**Excerpted records**
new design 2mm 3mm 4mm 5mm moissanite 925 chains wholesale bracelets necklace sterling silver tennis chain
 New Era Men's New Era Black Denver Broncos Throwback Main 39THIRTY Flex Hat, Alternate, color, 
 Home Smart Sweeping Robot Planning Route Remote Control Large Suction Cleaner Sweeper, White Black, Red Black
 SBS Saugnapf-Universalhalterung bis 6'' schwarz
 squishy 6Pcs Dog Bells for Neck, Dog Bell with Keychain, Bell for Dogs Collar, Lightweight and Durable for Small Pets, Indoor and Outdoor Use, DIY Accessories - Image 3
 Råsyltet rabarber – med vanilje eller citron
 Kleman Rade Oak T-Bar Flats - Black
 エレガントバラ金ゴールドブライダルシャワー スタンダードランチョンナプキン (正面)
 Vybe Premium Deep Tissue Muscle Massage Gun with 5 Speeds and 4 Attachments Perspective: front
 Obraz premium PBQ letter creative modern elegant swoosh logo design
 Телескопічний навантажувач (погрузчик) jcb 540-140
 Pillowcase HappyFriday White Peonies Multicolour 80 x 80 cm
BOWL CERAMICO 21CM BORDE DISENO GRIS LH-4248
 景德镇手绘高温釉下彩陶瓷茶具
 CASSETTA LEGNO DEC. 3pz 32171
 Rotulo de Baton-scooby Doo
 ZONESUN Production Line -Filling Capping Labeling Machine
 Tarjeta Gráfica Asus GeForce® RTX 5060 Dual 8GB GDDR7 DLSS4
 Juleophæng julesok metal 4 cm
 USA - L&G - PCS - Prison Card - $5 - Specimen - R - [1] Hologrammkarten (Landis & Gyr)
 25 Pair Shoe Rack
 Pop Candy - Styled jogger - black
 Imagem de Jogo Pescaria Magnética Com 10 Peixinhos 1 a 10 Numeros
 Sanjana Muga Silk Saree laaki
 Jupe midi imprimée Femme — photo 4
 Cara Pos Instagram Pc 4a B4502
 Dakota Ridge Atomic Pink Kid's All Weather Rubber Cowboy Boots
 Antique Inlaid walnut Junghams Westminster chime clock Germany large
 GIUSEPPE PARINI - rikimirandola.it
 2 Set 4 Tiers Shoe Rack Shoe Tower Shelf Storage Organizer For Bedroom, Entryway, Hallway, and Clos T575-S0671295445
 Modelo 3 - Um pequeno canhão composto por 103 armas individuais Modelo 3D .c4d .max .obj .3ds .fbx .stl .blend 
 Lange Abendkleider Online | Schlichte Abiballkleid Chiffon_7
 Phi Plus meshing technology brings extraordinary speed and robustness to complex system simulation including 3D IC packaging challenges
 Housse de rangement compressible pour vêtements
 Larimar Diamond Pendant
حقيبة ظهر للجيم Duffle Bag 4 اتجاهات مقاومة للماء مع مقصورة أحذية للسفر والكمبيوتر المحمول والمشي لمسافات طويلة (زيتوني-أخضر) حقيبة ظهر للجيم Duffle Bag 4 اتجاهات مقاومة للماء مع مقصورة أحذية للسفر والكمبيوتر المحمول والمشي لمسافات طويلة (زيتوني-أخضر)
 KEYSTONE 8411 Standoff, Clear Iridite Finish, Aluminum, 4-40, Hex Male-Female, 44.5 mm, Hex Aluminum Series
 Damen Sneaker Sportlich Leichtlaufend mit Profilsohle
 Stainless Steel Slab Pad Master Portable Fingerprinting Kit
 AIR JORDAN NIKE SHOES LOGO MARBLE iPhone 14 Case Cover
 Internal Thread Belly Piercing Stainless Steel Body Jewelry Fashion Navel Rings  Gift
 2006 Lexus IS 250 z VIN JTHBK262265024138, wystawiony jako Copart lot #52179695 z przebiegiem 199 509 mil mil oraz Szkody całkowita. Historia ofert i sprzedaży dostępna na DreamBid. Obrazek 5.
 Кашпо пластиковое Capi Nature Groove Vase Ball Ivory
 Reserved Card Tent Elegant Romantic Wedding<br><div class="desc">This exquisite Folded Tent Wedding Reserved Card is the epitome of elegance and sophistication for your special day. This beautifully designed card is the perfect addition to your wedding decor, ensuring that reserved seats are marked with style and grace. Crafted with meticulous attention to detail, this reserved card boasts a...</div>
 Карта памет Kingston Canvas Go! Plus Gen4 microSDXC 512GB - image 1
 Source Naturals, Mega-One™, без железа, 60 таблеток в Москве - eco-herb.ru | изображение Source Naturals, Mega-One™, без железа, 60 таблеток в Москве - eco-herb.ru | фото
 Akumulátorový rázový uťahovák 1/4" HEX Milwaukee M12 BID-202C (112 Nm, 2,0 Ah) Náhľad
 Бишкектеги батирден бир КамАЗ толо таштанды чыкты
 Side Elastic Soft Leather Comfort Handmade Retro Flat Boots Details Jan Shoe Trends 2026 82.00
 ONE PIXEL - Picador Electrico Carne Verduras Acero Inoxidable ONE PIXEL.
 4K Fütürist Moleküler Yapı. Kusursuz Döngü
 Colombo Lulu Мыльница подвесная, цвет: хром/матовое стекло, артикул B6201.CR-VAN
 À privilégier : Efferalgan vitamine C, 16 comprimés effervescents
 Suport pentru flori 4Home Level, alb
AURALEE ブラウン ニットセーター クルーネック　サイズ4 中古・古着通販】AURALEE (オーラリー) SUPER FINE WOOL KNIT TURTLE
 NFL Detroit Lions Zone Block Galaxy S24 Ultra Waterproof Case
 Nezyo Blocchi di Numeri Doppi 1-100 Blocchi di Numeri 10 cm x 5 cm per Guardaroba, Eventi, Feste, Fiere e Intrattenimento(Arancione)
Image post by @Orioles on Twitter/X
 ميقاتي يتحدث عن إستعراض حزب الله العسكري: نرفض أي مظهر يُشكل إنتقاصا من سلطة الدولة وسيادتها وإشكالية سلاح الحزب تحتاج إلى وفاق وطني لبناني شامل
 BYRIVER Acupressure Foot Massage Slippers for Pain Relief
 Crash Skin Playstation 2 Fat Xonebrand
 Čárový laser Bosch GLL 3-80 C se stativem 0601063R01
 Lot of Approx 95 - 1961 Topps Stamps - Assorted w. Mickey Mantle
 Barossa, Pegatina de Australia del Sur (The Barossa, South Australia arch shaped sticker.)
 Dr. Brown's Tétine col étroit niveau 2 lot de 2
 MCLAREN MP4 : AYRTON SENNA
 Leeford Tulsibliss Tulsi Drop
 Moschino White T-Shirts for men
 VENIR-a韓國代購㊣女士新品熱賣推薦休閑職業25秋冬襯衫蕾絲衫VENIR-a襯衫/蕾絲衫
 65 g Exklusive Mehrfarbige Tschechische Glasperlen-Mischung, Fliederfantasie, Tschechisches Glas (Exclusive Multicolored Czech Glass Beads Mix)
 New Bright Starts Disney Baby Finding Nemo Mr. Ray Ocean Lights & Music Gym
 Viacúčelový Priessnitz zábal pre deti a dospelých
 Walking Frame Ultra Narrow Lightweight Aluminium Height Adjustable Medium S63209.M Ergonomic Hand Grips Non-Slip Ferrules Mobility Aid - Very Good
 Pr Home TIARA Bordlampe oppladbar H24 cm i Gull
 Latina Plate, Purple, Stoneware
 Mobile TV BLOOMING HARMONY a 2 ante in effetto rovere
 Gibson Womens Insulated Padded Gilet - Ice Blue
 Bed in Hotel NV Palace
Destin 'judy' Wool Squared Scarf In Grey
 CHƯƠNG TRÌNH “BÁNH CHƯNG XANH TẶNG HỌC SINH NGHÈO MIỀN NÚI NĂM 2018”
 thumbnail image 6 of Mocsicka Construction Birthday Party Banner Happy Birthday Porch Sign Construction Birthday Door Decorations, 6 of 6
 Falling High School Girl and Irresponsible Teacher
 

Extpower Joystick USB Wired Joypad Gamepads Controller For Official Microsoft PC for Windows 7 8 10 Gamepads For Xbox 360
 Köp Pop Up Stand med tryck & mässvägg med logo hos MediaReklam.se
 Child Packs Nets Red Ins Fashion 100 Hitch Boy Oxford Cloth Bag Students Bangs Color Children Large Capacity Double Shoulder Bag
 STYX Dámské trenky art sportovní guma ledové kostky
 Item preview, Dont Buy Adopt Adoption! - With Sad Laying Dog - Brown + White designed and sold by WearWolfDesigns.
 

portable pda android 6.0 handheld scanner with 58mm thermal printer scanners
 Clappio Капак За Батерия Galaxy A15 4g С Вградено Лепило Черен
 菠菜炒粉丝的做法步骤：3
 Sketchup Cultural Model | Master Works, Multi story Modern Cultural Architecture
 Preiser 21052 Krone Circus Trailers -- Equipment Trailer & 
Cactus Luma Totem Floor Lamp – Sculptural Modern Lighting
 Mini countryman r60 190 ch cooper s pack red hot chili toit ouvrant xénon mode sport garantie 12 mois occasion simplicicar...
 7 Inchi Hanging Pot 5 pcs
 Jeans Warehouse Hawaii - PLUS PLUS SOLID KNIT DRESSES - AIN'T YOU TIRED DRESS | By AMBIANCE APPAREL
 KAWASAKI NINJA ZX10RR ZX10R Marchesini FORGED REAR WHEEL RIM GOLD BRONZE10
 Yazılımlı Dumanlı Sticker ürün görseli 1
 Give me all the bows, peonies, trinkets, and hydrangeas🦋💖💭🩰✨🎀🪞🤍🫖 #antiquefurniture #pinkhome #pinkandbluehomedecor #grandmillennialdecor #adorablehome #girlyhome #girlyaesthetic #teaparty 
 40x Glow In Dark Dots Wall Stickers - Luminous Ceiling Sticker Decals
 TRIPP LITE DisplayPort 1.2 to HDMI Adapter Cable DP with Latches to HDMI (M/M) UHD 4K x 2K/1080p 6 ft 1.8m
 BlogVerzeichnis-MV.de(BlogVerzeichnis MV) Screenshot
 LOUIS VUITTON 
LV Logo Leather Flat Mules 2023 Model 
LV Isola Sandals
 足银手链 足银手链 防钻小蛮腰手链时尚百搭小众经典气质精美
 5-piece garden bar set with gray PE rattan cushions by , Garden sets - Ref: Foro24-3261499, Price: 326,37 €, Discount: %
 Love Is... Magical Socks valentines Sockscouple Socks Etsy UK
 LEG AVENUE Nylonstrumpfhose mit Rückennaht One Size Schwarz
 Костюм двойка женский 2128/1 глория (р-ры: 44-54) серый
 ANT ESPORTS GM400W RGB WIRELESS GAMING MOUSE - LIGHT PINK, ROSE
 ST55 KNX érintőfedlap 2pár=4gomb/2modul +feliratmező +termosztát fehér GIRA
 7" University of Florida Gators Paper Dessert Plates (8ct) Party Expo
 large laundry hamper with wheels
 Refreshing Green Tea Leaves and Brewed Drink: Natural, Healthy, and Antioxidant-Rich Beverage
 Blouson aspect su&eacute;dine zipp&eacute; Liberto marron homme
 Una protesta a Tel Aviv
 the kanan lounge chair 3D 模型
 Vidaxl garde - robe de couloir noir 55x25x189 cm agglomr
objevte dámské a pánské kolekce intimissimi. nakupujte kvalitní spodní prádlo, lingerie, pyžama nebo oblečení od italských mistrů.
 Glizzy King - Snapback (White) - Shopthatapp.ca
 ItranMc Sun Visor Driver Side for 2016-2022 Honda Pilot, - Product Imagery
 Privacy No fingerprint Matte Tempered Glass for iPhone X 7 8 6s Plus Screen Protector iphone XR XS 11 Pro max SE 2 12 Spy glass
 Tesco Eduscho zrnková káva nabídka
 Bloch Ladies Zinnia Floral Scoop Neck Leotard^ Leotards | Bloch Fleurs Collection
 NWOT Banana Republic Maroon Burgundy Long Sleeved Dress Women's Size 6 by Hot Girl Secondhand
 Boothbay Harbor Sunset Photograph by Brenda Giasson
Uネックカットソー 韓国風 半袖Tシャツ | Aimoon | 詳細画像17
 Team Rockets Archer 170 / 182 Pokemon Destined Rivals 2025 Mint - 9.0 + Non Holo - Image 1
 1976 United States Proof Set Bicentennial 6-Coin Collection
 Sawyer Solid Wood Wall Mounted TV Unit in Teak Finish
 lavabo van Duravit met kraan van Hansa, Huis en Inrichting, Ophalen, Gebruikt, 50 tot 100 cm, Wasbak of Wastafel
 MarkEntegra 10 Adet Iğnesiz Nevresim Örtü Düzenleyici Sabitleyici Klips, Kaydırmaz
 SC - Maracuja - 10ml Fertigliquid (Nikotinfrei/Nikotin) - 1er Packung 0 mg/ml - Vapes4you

**Prompt**
Show all lines of the material in which the word "Stainless" can be found.

**Task solution**
 Stainless Steel Slab Pad Master Portable Fingerprinting Kit
 Internal Thread Belly Piercing Stainless Steel Body Jewelry Fashion Navel Rings  Gift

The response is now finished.